According to France 24, France’s centre-right opposition UMP party has come under fierce criticism after proposing a law that would revoke automatic citizenship for children born in France of foreign parents illegally residing on French soil. Under current rules, all children born in France to foreign parents get citizenship automatically when they turn 18, provided that they have lived in the country for at least five years from the age of 11.

RIA Novosti reports Russia's Investigative Federal Committee has dropped piracy charges brought against 28 Greenpeace activists, replacing them with far less serious hooliganism charges. The militant environmentalists were arrested on September 19 after attempting to board Gazprom’s oil rig, protesting against drilling in the Arctic.

Fox News announces a US judge has granted a nephew of Robert Kennedy a re-trial in the murder nearly 40 years ago of his teenage neighbour. The dramatic ruling comes after Michael Skakel, 53, appealed unsuccessfully for years against his sentence. He was found guilty in 2002 of beating 15-year-old Marths Moxley to death in Greenwich, Connecticut in 1975 when he was also 15. He was sentenced to 20 years to life in prison.
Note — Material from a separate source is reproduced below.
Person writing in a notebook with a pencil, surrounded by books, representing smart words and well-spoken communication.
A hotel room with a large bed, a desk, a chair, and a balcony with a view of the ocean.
The British national media went to town with reports and pictures of the christening ceremony of Prince George – the third-in-line to the British royal throne. The Times carries a wrap around front page with a picture of the Duke and Duchess of Cambridge and Prince George under the headline “Gorgeous George”. The Daily Telegraph gives its entire front page over to a picture of the Duchess of Cambridge with the prince. And the Daily Mail gives over 15 pages to its coverage.

Ansa says Italy is in shock at reports of a brutal gang slaying of a northern Italian teenager who had gone to England to study and find work. Four Lithuanian nationals have been charged with attacking and killing 19-year-old Joele Leotta in Maidstone, Kent. Initial reports suggested the gang attacked and killed Leotta, after accusing him of stealing jobs.

Il Mattino reports Former Italian Prime Minister Silvio Berlusconi has been ordered to stand trial for the alleged bribery of a senator. The trial is scheduled to start in February. Berlusconi is accused of paying left-wing senator Sergio De Gregorio €3 million to defect to his conservative People of Freedom Party in 2006 and help bring down the centre-left government of Romano Prodi.

Avvenire says Pope Francis will make his first official to Italy's President Giorgio Napolitano on November14.  The trip by the Pontiff to Napolitano's official residence in Rome, the Quirinale, follows the Italian head of state's visit to the Vatican last June. There have only been nine pontifical visits to the Quirinale over the past 74 years since Pius XII visited King Victor Emmanuel III there in 1939.